Jakarta, Beritasatu.com - Sebanyak enam serikat pekerja/serikat buruh menyatakan tetap konsisten tergabung dalam tim pembahasan klaster ketenagakerjaan RUU Cipta Kerja yang dibentuk dari unsur pemerintah, unsur pengusaha, dan serikat pekerja. Hal ini didasari atas upaya menjaga konsistensi sekaligus sebagai strategi memperjuangkan kepentingan buruh dalam RUU Cipta Kerja.

"Dibentuknya tim teknis pembahas klaster ketenagakerjaan ini merupakan dorongan dan tuntutan dari serikat pekerja/serikat buruh. Oleh karena itu, dengan segala risiko kami menjaga konsistensi sikap atas apa yang sudah kami tuntut di awal. Kekhawatiran hanya sebagai legitimasi atau dimanfaatkan sekadar formalitas sudah diperhitungkan sebelumnya," kata Juru Bicara perwakilan serikat pekerja dari Konfederasi Serikat Pekerja Nasional (KSPN) Ristandi, saat memberikan keterangan pers di Jakarta, Rabu (15/7/2020).

Dalam keterangan tertulis yang diterima Kamis (16/7/2020), keenam serikat pekerja yang konsisten untuk tetap berada dalam tim pembahasan RUU Cipta Kerja itu adalah Konfederasi Serikat Pekerja Seluruh Indonesia (KSPSI) pimpinan Yoris Raweyai, Konfederasi Serikat Buruh Sejahtera Indonesia (KSBSI), Sarikat Buruh Muslimin Indonesia (Sarbumusi), Kesatuan Serikat Pekerja Nasional (KSPN), Federasi Serikat Pekerja (FSP) Pertanian dan Perkebunandan dan Federasi Serikat Pekerja Perkayuan dan Kehutanan Indonesia (FSP Kahutindo).

Baca jugaUpah Tinggi dan Etos Kerja, Dua Masalah Utama Industri Padat Karya

Perwakilan serikat pekerja tersebut menilai masuknya representasi serikat pekerja dalam tim teknis adalah bagian strategi perjuangan dan dialog sosial yang nyata. "Kami yakin forum bersama ini bisa digunakan semaksimal mungkin untuk menyuarakan aspirasi-aspirasi yang berkembang dari anggota kami," kata Ristandi.

Ristandi menegaskan bahwa opini yang menyebutkan kalau representasi serikat pekerja dalam tim pembahasan merupakan wujud kesetujuan terhadap Omnibus Law RUU Cipta Kerja adalah opini yang keliru.
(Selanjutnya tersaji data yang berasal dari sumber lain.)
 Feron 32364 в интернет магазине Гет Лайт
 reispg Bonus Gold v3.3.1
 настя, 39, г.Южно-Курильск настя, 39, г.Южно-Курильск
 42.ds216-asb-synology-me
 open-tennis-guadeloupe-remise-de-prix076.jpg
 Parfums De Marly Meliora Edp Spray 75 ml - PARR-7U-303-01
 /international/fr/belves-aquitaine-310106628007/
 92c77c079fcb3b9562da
Justru, menurut Ristandi, tim teknis ini adalah media formal untuk menyampaikan argumentasi yang memberatkan dan ingin ditolak oleh serikat pekerja. "Kami tidak mau disebut sebagai pihak yang plin plan. Minta dibentuk tim, setelah dibentuk malah tidak mau terlibat," kata Ristandi.

Sebelumnya diketahui bahwa pemerintah telah membentuk tim teknis untuk membahas khusus soal klaster ketenagakerjaan dalam RUU Cipta Kerja. Tim ini terdiri dari unsur pemerintah, unsur pengusaha (Apindo dan Kadin), dan unsur serikat pekerja.
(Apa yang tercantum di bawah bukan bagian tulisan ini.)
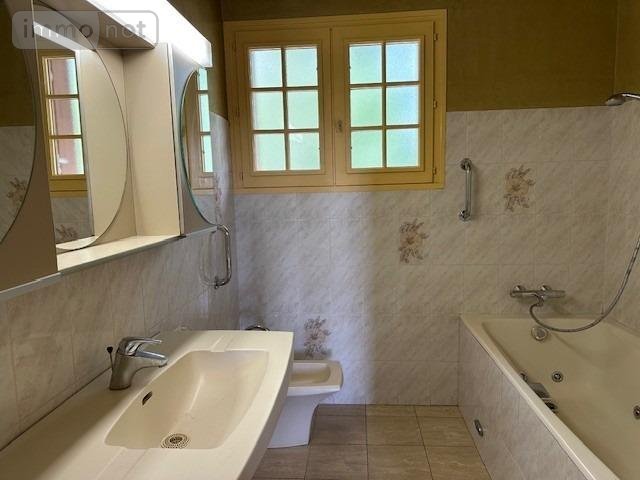 Maison a vendre Neufchâtel-en-Bray 76270 Seine-Maritime 148 m2 5 pièces 379600 euros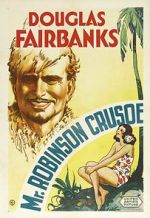 Watch Mr. Robinson Crusoe Zoechip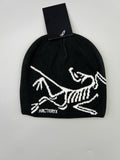 Arc’teryx Beanie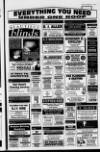 Larne Times Thursday 27 November 1997 Page 63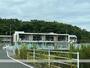 幼稚園・保育園　岡山市千種認定こども園（幼稚園・保育園）まで464m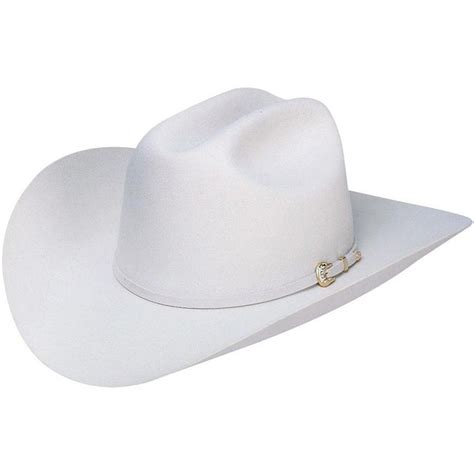 Stetson – RR Western Wear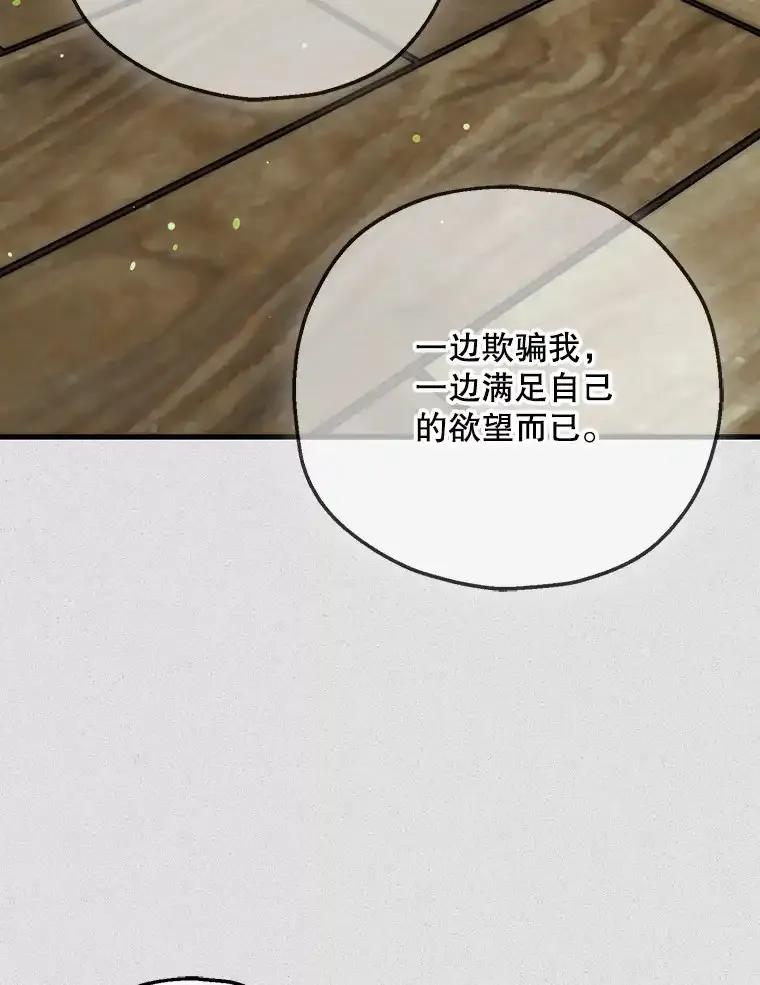 《第二个丈夫》79.最后的了断 第66页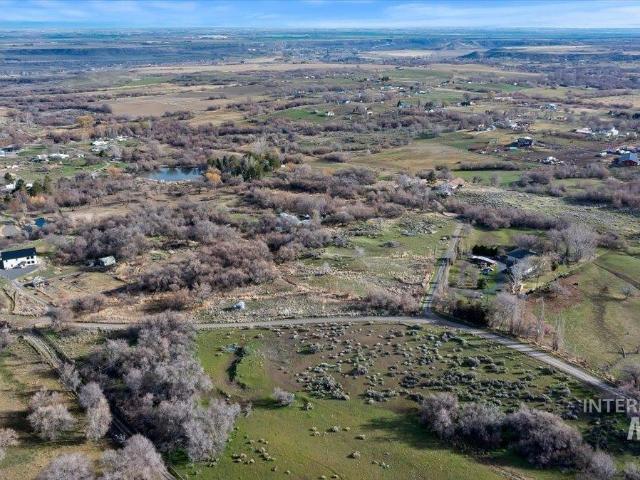 Land for sale in Buhl, Idaho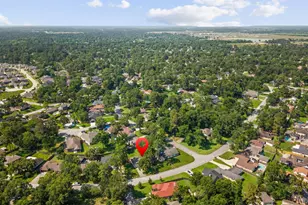 706 S Hyannis Port St, Crosby, TX 77532 - Photo 28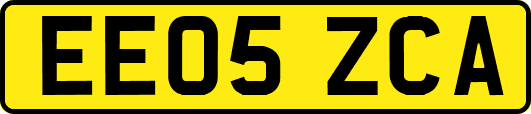 EE05ZCA
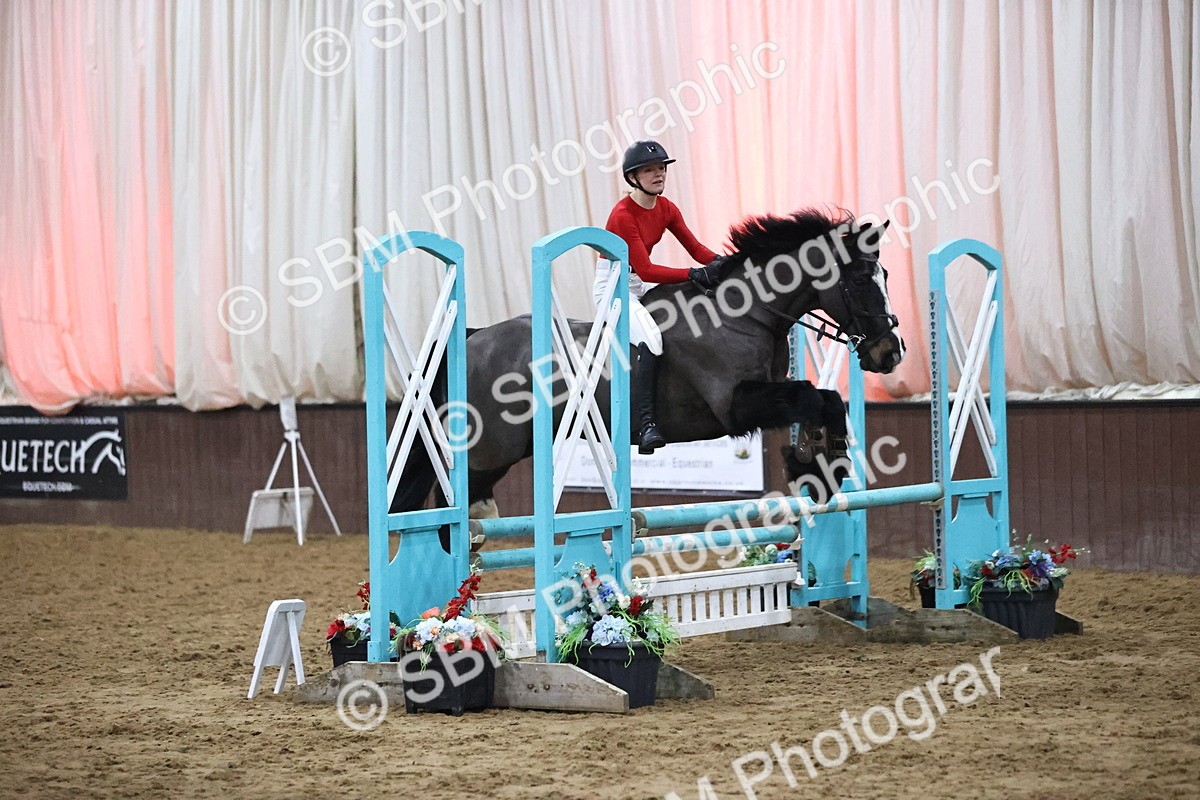 SBM_005991 - Bareback Challenge Camera 2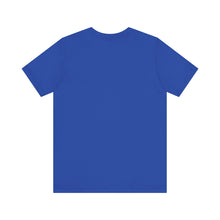 Load image into Gallery viewer, Fat Boy Summer Palms 2024 Tee (Print on Front)
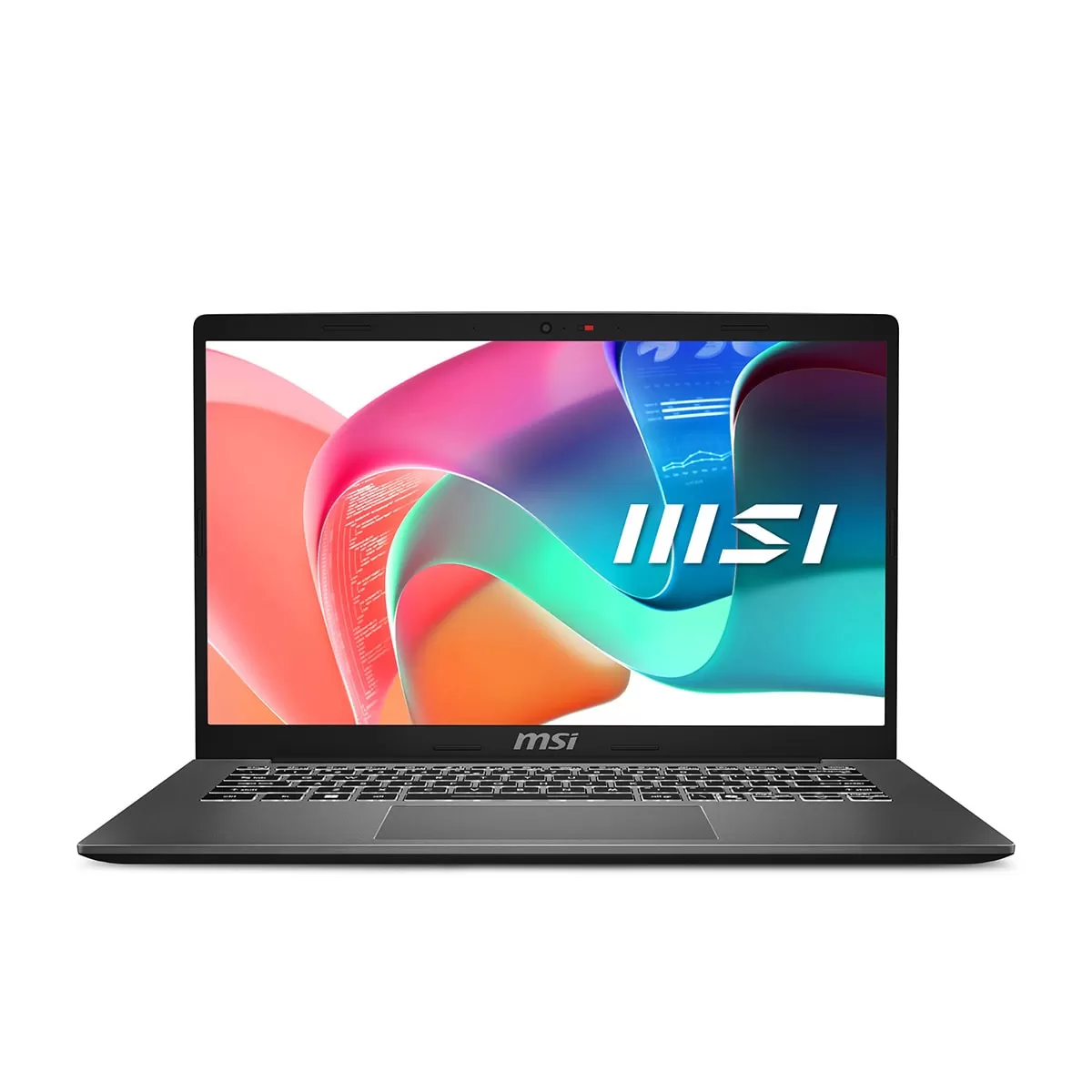 MSI MODERN 14 F13MG-257XTR I7-1335U 16GB 512GB SSD 14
Dari unsur serikat pekerja, awalnya diwakili oleh Konfederasi Serikat Pekerja Seluruh Indonesia Andi Gani Nena Wea (KSPSI AGN), KSPSI Yoris, Konfederasi Serikat Pekerja Seluruh Indonesia (KSPI), KSBSI, Sarbumusi, KSPN, FSP Perkebunan, dan FSP Karhutindo. Dalam perjalanannya KSPSI AGN dan KSPI menyatakan mundur dari tim pembahasan. Namun, enam serikat pekerja lainnya tetap konsisten untuk terlibat dalam tim pembahasan RUU Cipta Kerja ini.